## Action item
Output the entries below word for word, stopping once the line containing "BERN - Casino - Tram - 1924" is done, and omit each picture.

Short web captions:
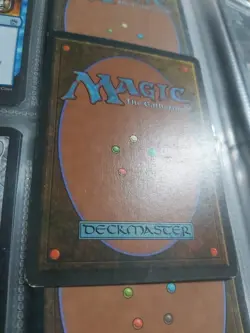 MTG Card - 1x Mystic Remora - Ice Age - LP/MP - Vintage Magic The Gathering 1995 - Image 4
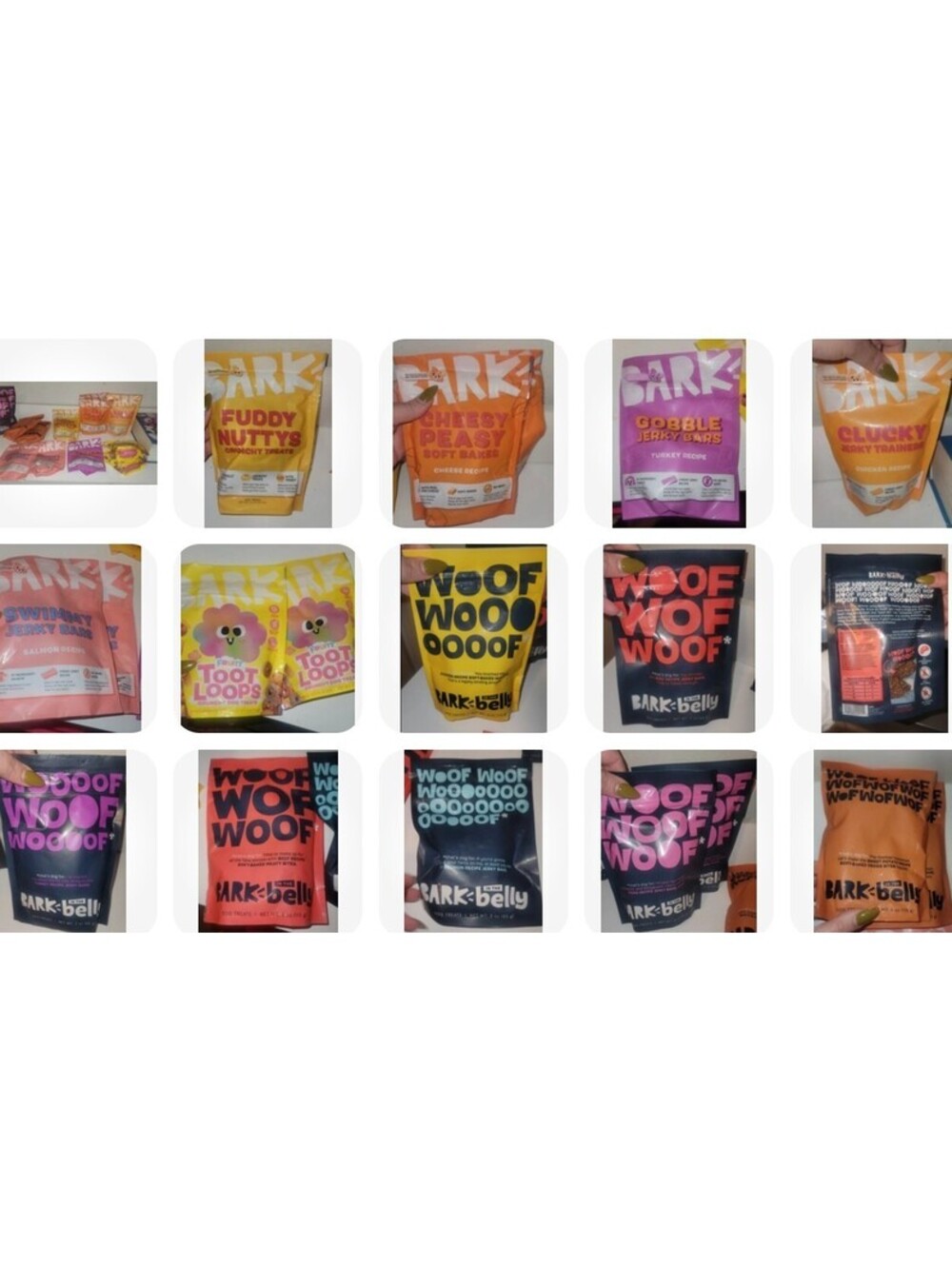 BARKBOX & BARK IN THE BELLY DELUXE DOGGY PANTRY COLLECTION: *CHOOSE YOUR FLAVOR*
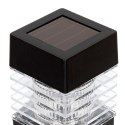 Zestaw solarnych palików ogrodowych Aktive 4 Części Plastikowy 6 x 39,5 x 6 cm (4 Sztuk)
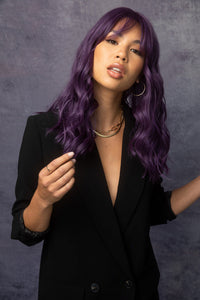 Lush Wavez by Muse Collection | HF Synthetic Wig | Mono Part (1506)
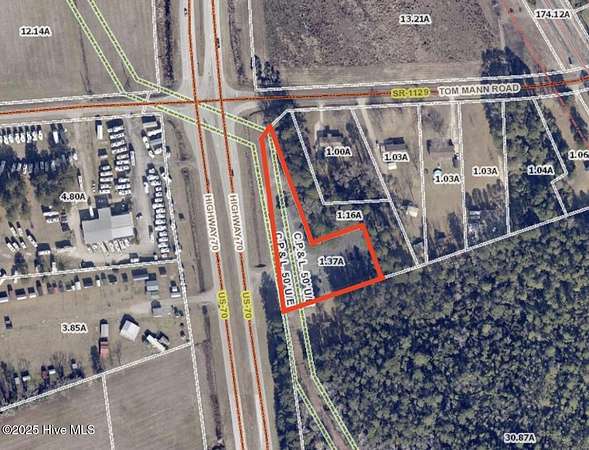 1.67 Acres of Commercial Land for Sale in Newport, North Carolina
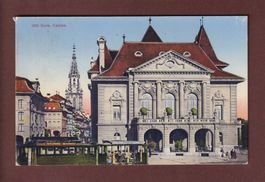BERN - Casino - Tram - 1924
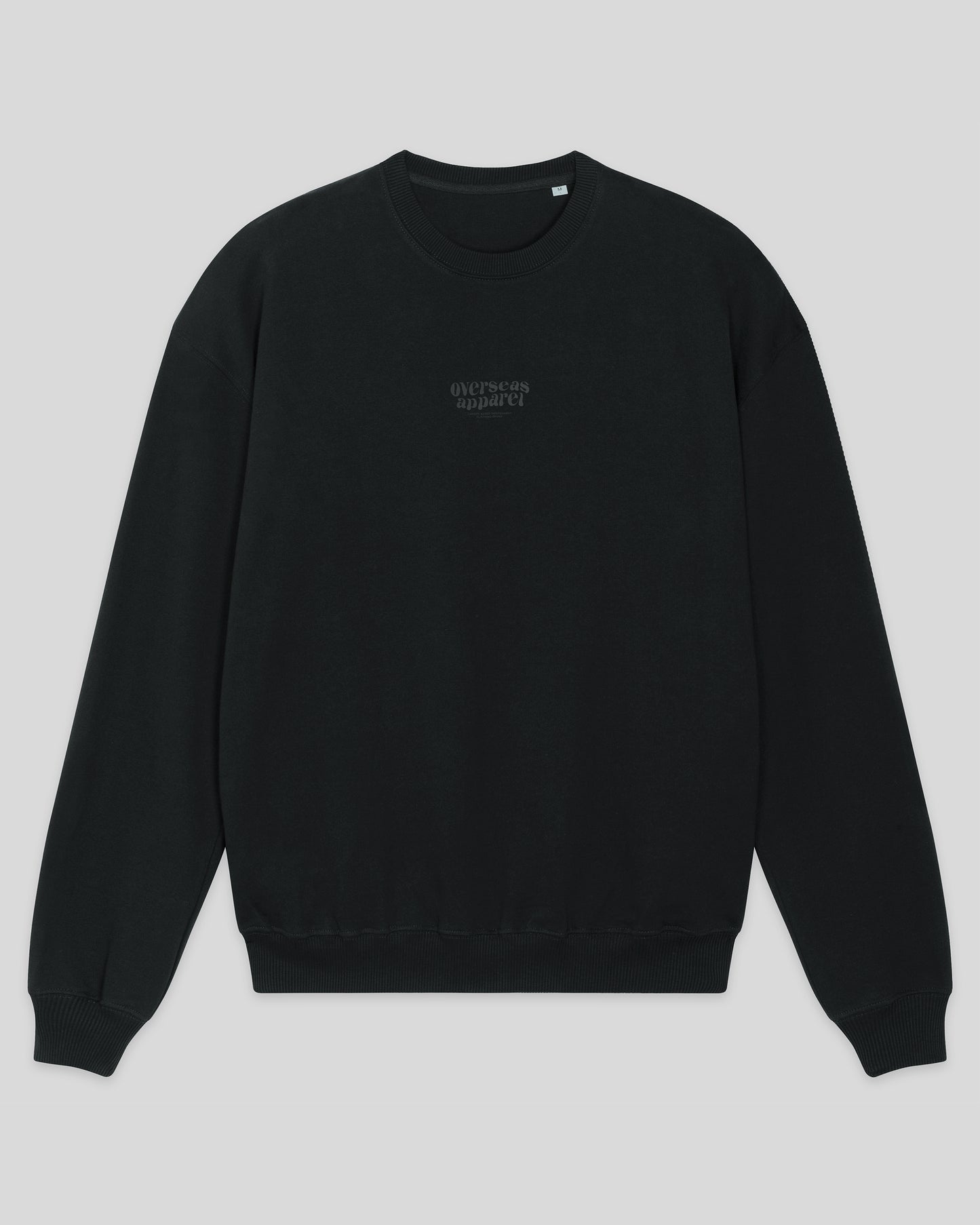 Heavy Essentials Black Sweater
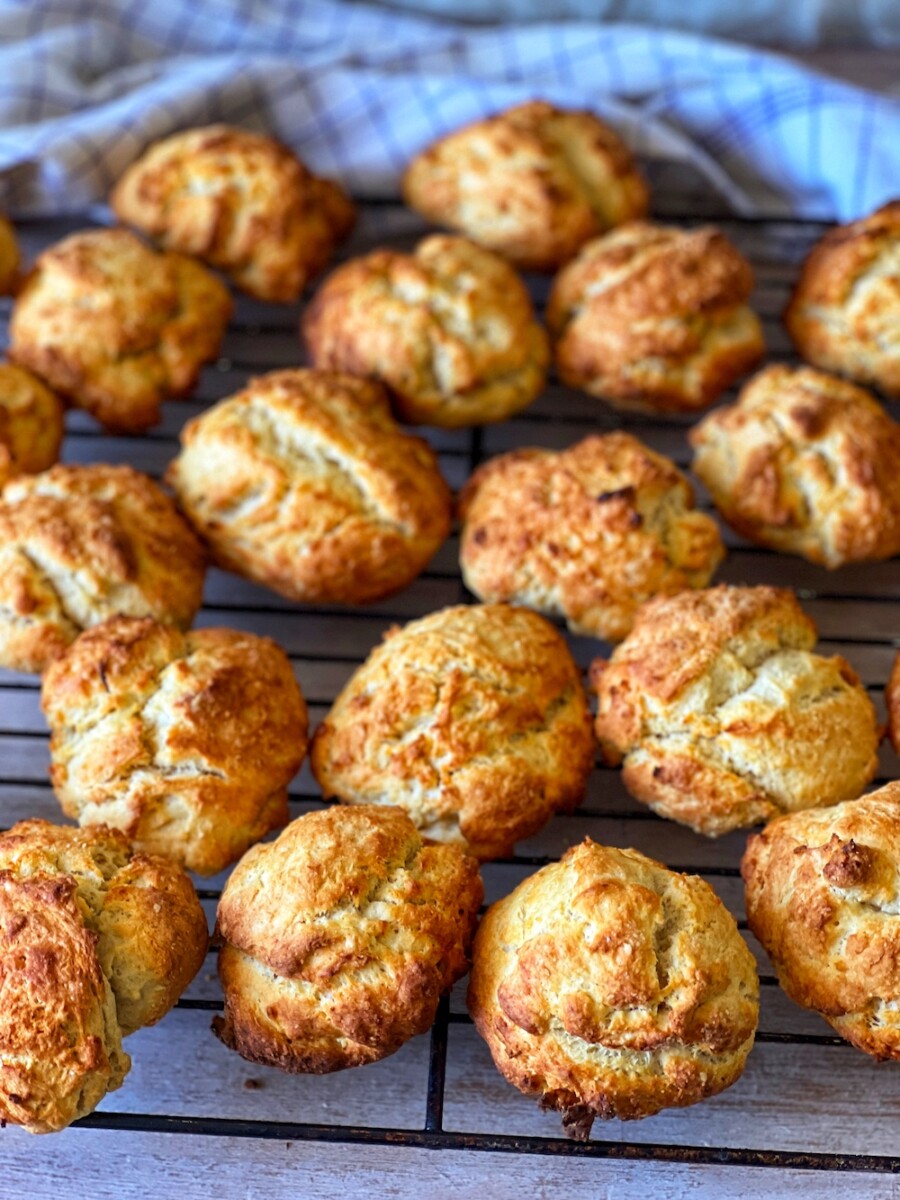 Gluten Free Scones - Tender Mini Biscuits - Flour Farm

## Solution to the exercise
 MTG Card - 1x Mystic Remora - Ice Age - LP/MP - Vintage Magic The Gathering 1995 - Image 4
 BARKBOX & BARK IN THE BELLY DELUXE DOGGY PANTRY COLLECTION: *CHOOSE YOUR FLAVOR*
 Zestaw solarnych palików ogrodowych Aktive 4 Części Plastikowy 6 x 39,5 x 6 cm (4 Sztuk)
 Lush Wavez by Muse Collection | HF Synthetic Wig | Mono Part (1506)
 1.67 Acres of Commercial Land for Sale in Newport, North Carolina
BERN - Casino - Tram - 1924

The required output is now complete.